- _YOUR OBJECTIVE_:
Would you please print exactly the lines that run from the one with "485 Knotty Oak Road Coventry RI 02816" to the last line of the data, both included, without any pictures?

- _SUPPLIED DATA_:
==========
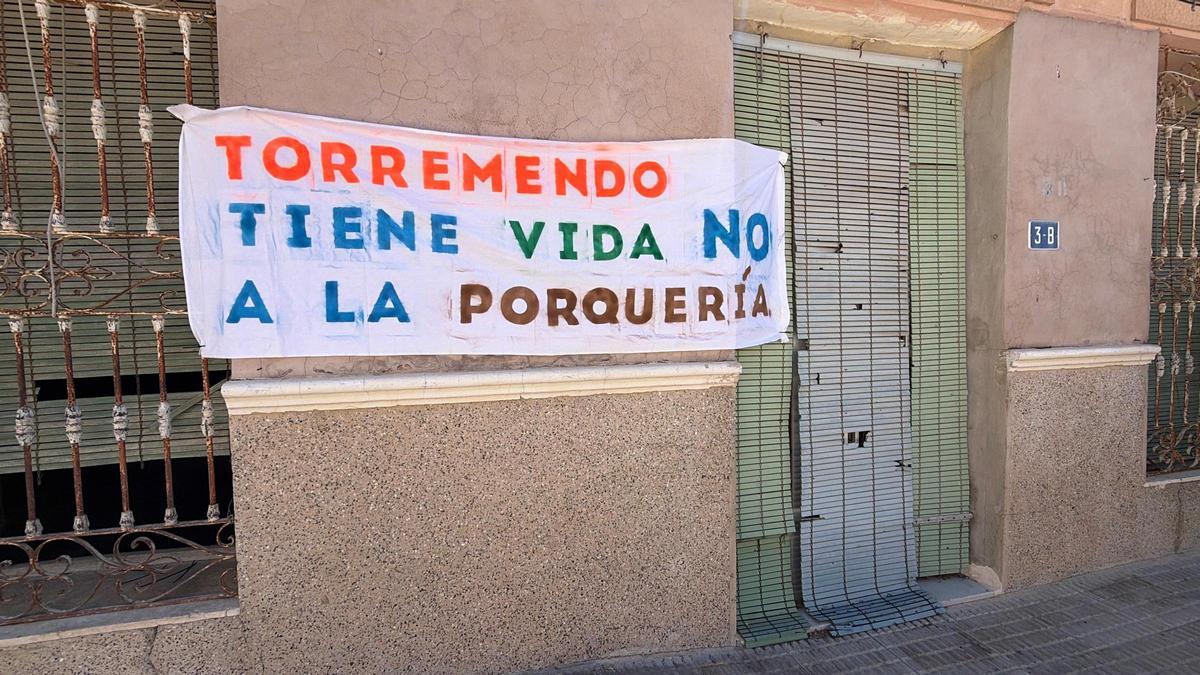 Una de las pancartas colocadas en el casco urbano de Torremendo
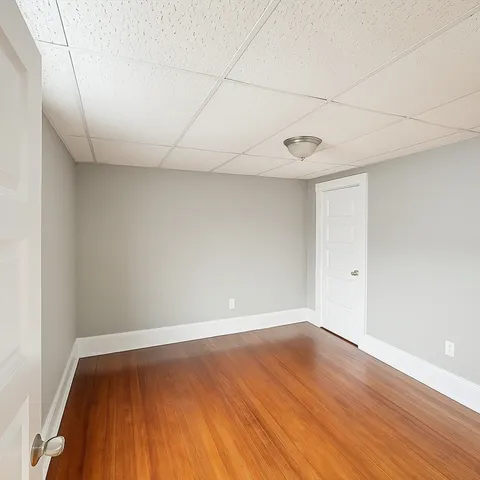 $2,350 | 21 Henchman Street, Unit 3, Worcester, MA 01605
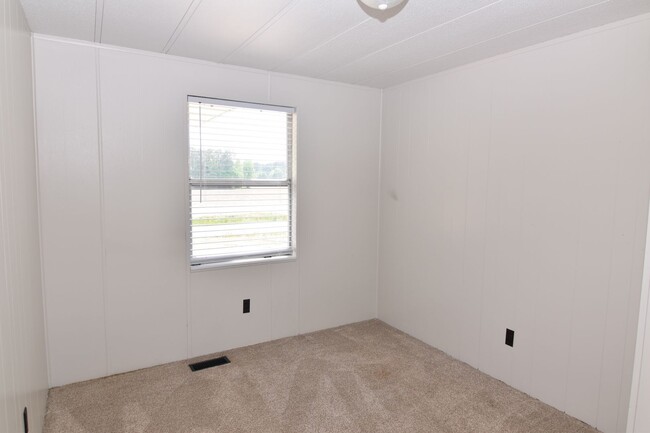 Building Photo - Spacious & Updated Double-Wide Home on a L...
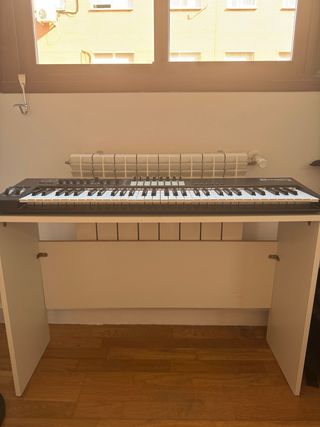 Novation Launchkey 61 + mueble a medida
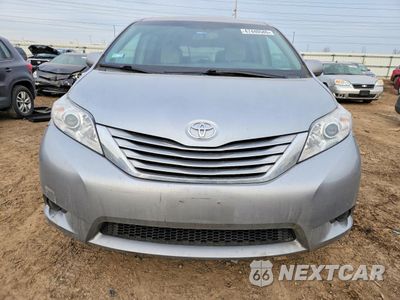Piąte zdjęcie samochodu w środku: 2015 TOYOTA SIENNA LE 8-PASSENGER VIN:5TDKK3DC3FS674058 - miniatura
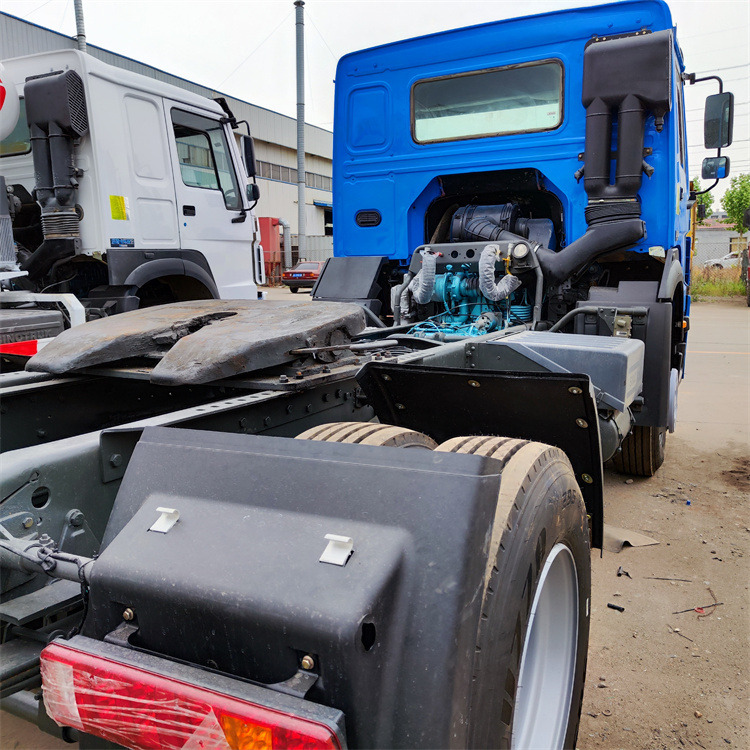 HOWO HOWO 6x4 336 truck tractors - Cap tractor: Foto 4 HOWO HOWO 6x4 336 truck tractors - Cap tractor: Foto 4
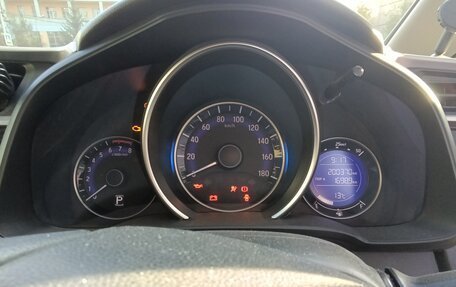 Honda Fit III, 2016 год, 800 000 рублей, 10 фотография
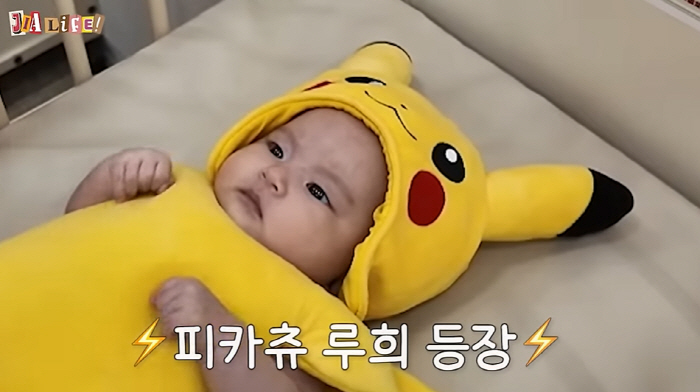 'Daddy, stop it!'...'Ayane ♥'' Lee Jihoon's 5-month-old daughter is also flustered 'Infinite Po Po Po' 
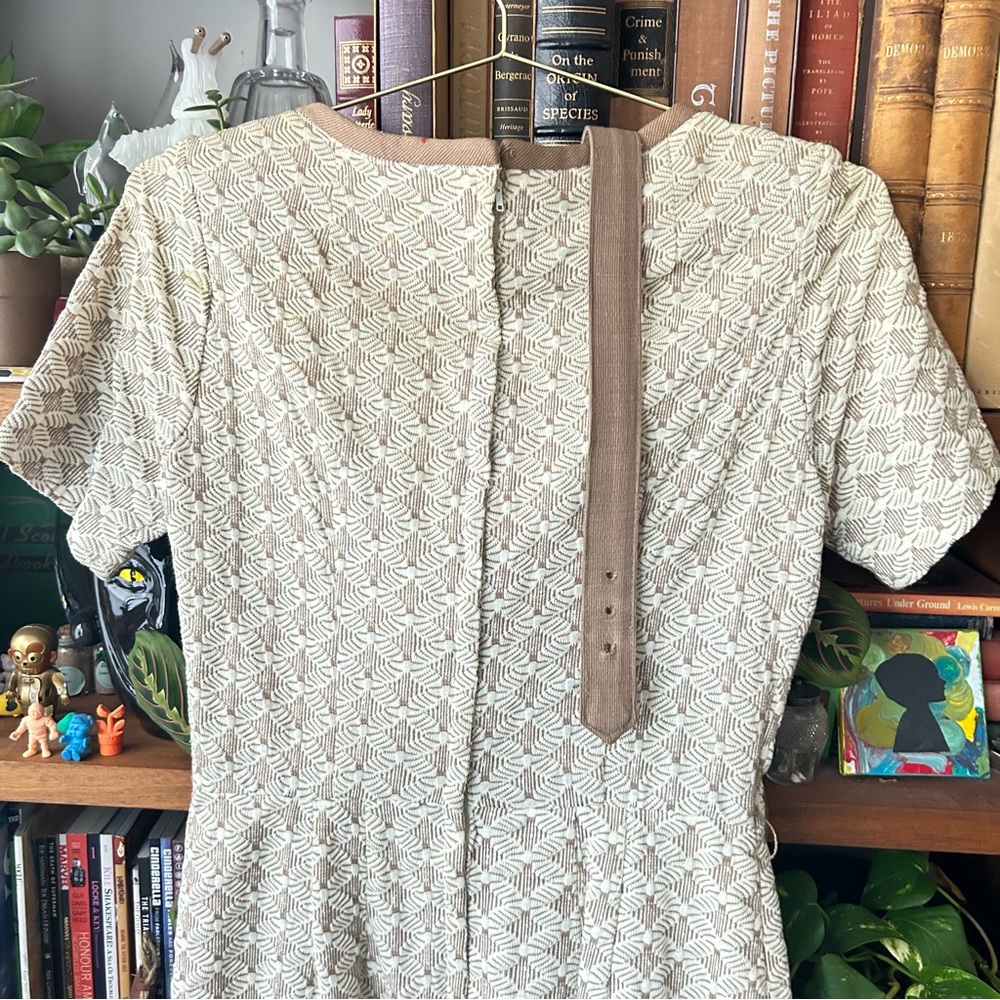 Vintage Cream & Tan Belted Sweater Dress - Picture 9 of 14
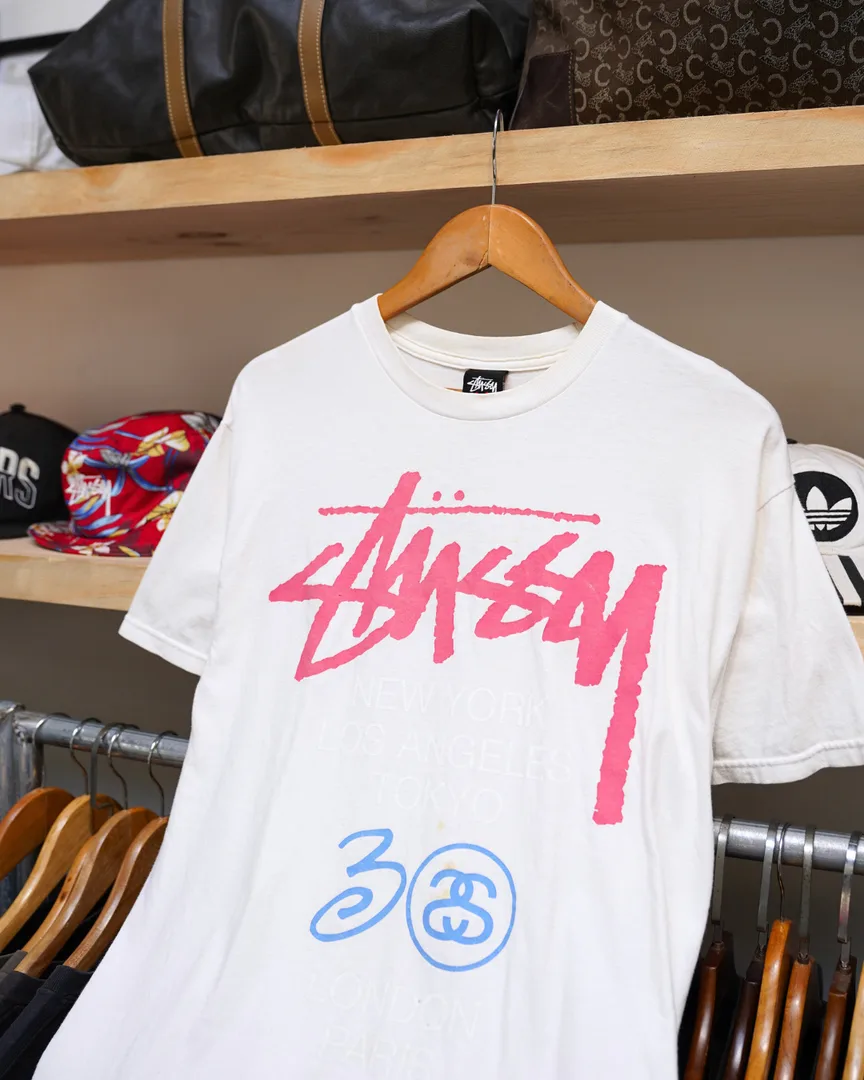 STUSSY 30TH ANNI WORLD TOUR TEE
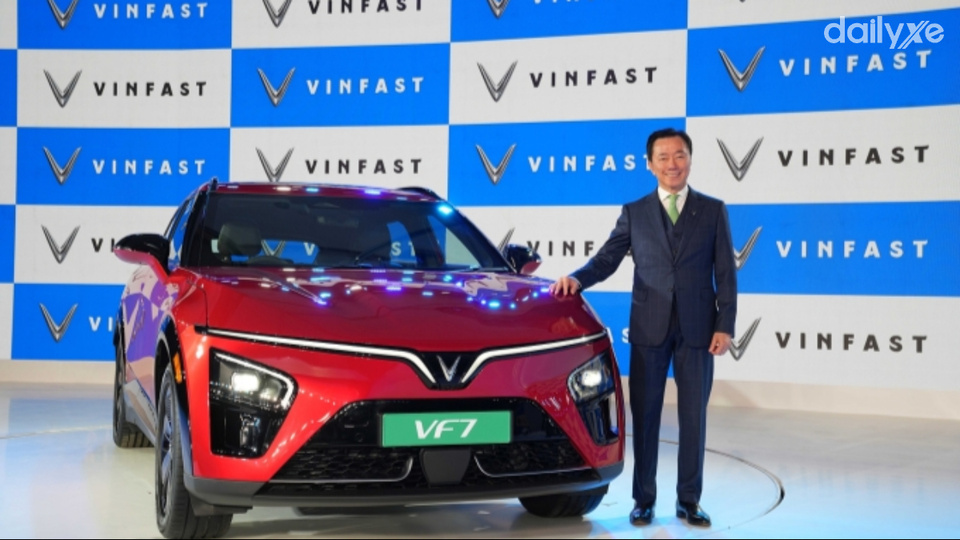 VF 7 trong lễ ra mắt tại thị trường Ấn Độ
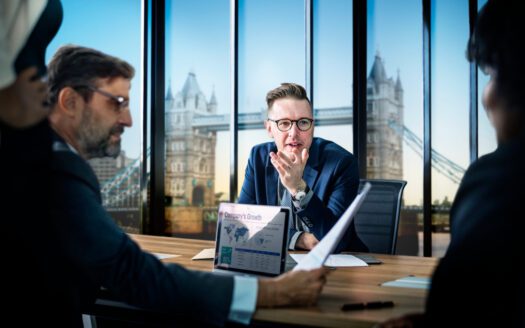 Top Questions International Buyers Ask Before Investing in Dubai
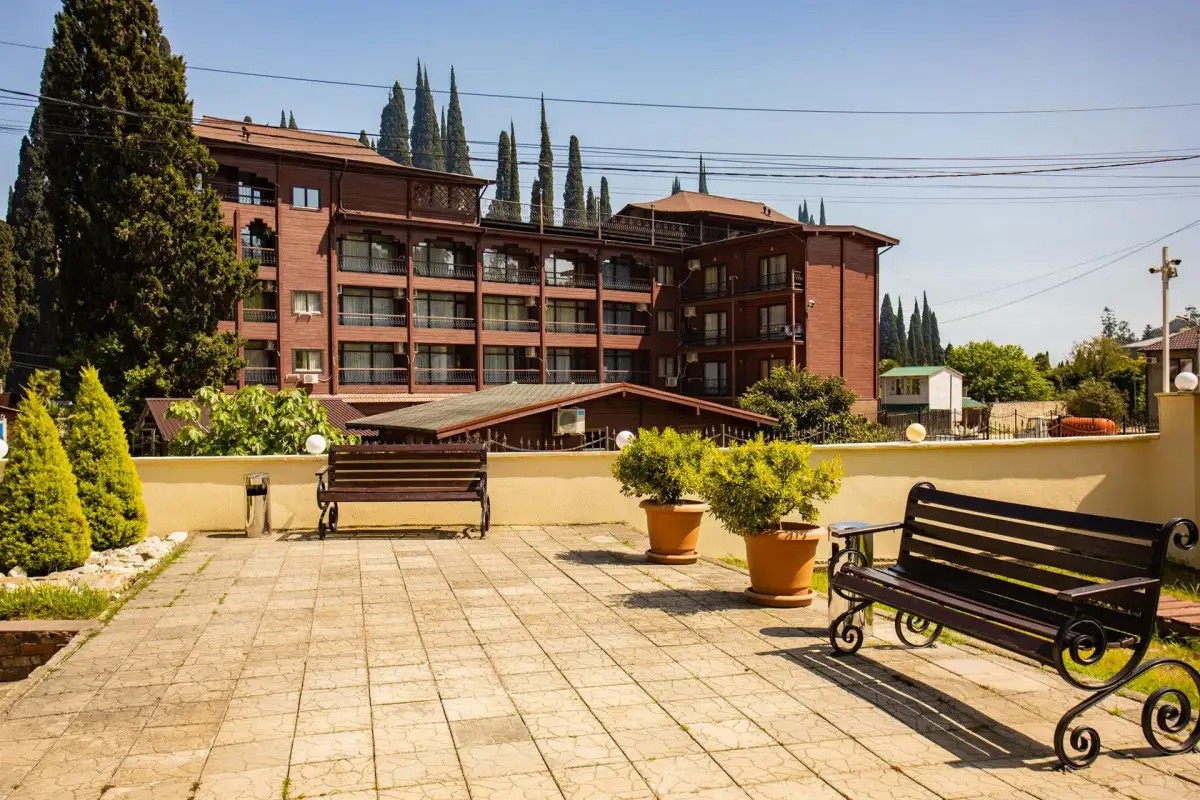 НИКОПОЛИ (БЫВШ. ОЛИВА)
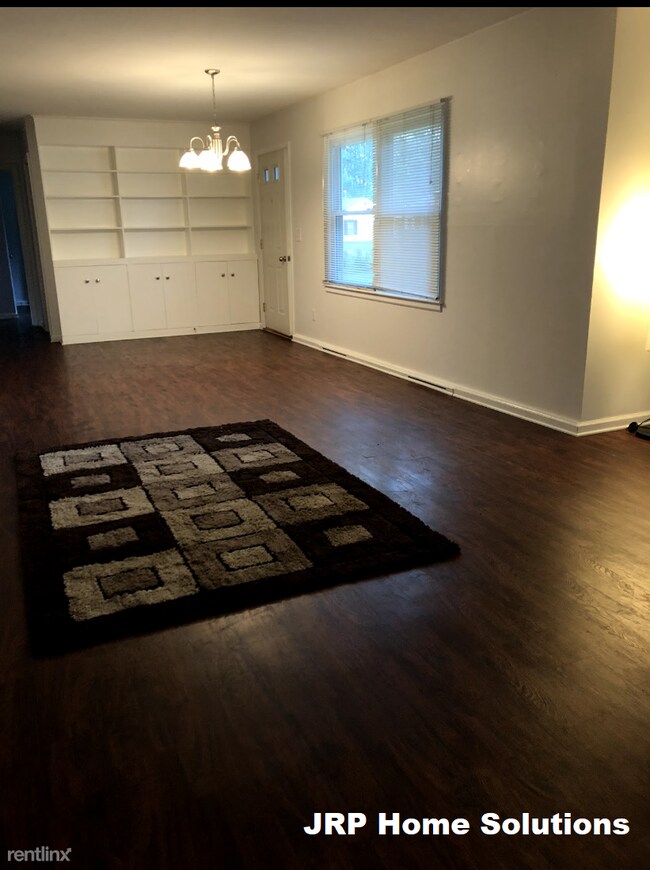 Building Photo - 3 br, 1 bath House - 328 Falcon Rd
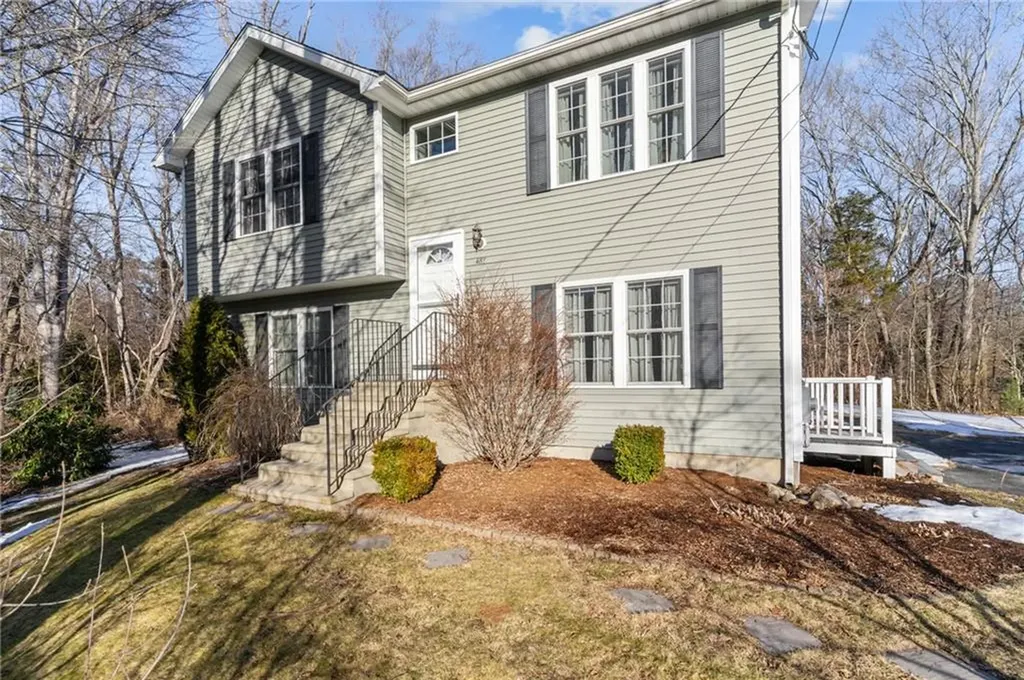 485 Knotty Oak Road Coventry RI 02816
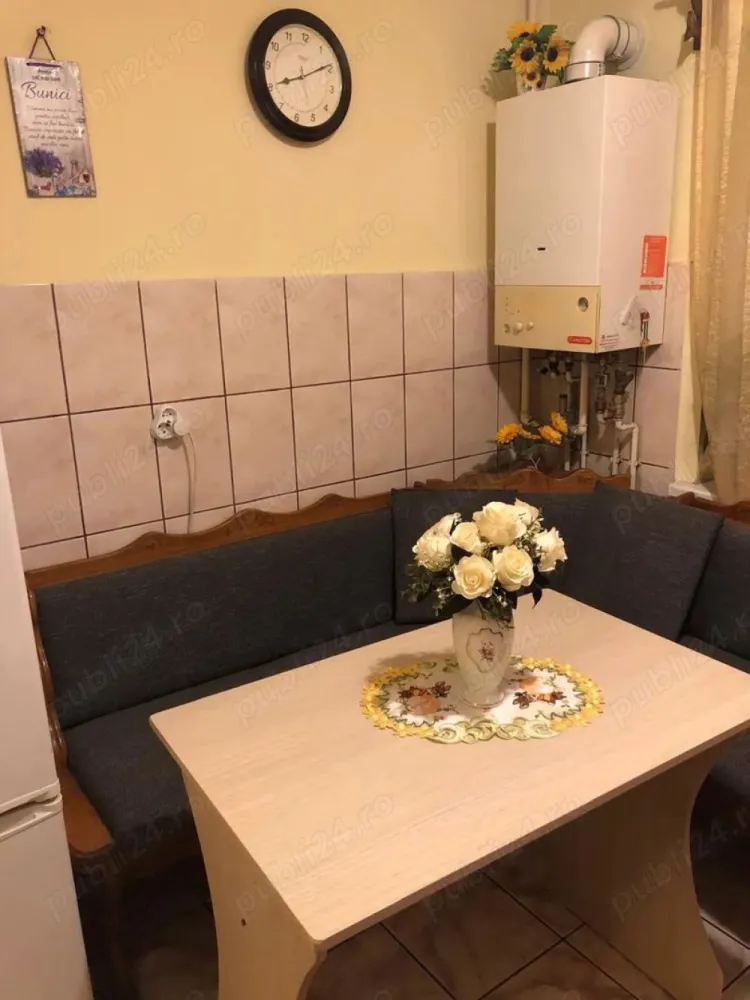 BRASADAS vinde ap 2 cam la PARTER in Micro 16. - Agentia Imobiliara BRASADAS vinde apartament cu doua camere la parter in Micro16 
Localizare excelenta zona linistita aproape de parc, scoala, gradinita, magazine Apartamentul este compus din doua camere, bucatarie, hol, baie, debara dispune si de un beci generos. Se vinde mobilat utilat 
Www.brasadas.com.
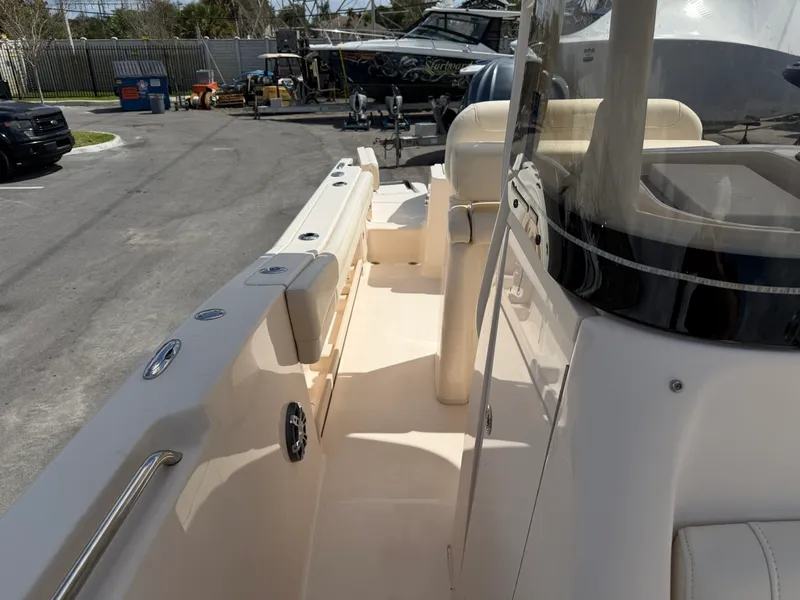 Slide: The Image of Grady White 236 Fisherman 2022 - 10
==========
- _TASK SOLUTION_:
 485 Knotty Oak Road Coventry RI 02816
 BRASADAS vinde ap 2 cam la PARTER in Micro 16. - Agentia Imobiliara BRASADAS vinde apartament cu doua camere la parter in Micro16 
Localizare excelenta zona linistita aproape de parc, scoala, gradinita, magazine Apartamentul este compus din doua camere, bucatarie, hol, baie, debara dispune si de un beci generos. Se vinde mobilat utilat 
Www.brasadas.com.
 Slide: The Image of Grady White 236 Fisherman 2022 - 10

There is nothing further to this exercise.